- Your goal -
A line below contains "Fototapeta premium Frühling, Liebe", and a later one contains "Cavapoo dogs for sale: Cash - Ad 4". Repeat both, with every line between them, exactly.

- Record set -
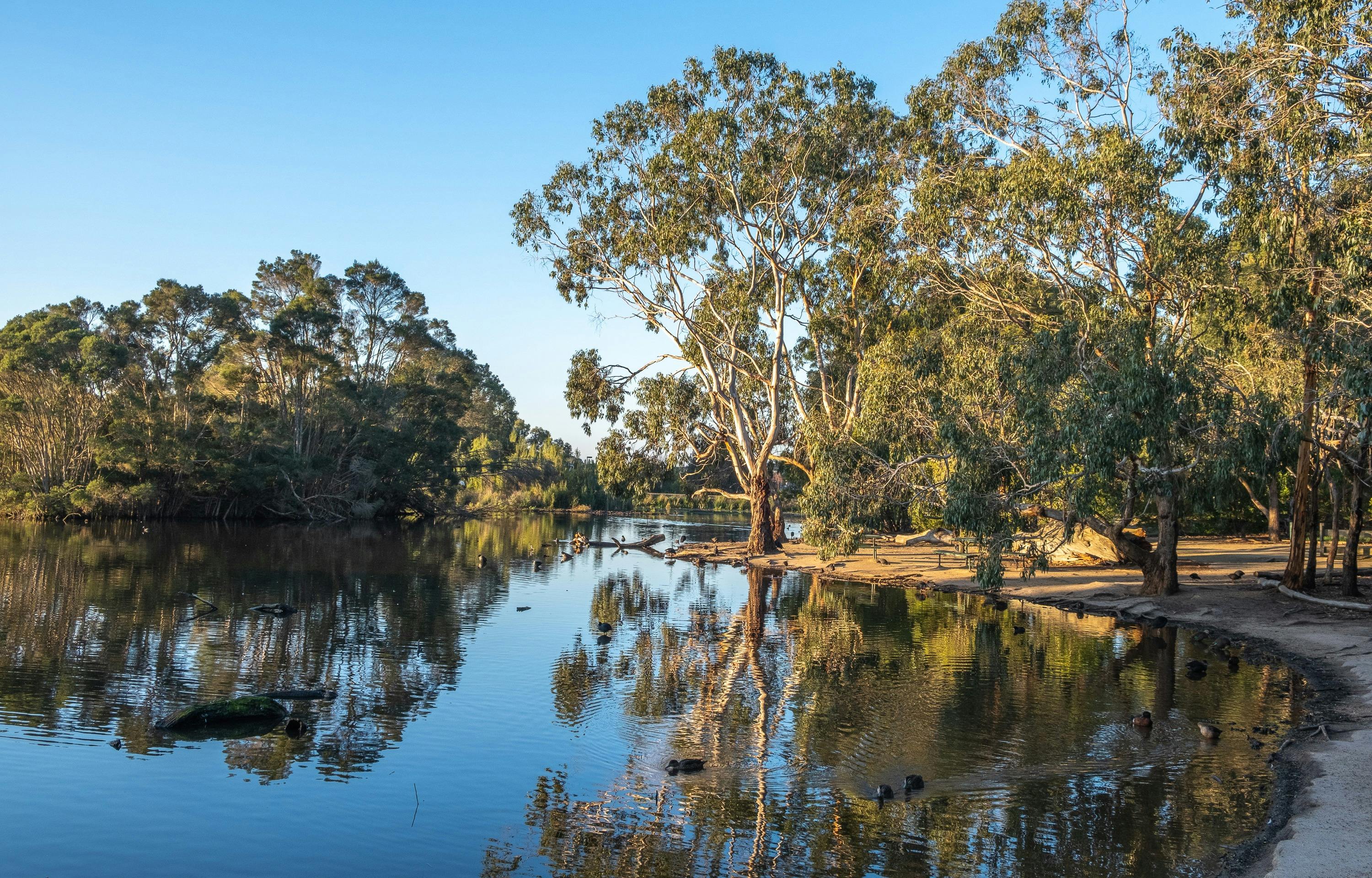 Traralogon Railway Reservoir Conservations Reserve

...

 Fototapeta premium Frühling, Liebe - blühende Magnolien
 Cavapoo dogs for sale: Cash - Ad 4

- Task solution -
 Fototapeta premium Frühling, Liebe - blühende Magnolien
 Cavapoo dogs for sale: Cash - Ad 4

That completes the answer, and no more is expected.